America’s top general walks into a political battle

bdmetronews Desk ॥  The military that Gen. Mark Milley represents is facing what could be the worst schism with the American public since the Vietnam War years.

Gen. Mark A. Milley was never meant to be President Donald Trump’s top military adviser.

Defense Secretary Jim Mattis had sent him to the White House in late 2018 to interview for the top U.S. military post across the Atlantic, with its grand title: supreme allied commander Europe. Mattis wanted someone else, the quiet and cerebral Gen. David L. Goldfein of the Air Force, to be Trump’s next chairman of the Joint Chiefs of Staff.

With the president souring on Mattis, his recommendation quashed Goldfein’s chances. During the meeting, the president — who already liked Milley’s brash demeanor as Army chief of staff — asked which job was better. And Milley went for the top prize: by law, the chairman of the Joint Chiefs of Staff is the nation’s top officer and the senior military adviser to the president.
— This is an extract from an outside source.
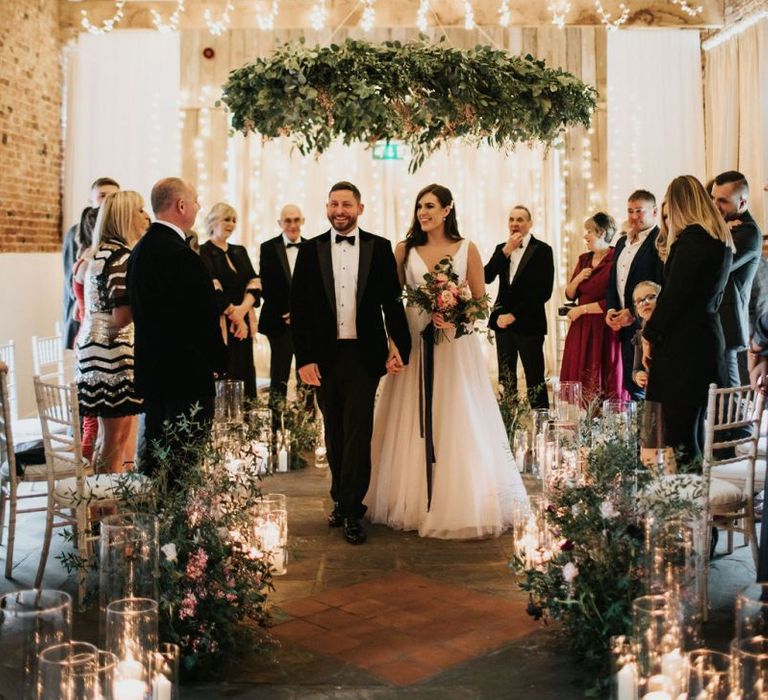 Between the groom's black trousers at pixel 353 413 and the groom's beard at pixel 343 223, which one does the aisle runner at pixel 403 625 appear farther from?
the groom's beard at pixel 343 223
But in the last several days, after accompanying the president from the White House to a church in his camouflage uniform as National Guard troops in helmets and riot gear deployed across the country, Milley has quickly become the face of what could amount to the U.S. military’s fall from public grace, to levels not seen since the Vietnam War.

“Milley (he’s a general !?!?) should not have walked over to the church with Trump,” Michael Hayden, the retired Air Force general who has directed both the National Security Agency and the CIA, said on Twitter, noting that he “was appalled to see him in his battle dress.”

Milley’s decision to join Trump “was an egregious display of bad judgment, at best,” said Paul D. Eaton, a retired major general and veteran of the Iraq War, who now serves as a senior adviser at VoteVets.org. “At worst, Milley appears confused about the oath he took to support and defend the Constitution — not a president. I suggest the general get quickly unconfused or resign.”

Milley, his friends say, has agonized over the events of the past week. But he has also managed to persuade Trump not to invoke the 1807 Insurrection Act to deploy active-duty troops across the country to quell protests, a line that a number of American military officials say they will not cross, even if the president orders it.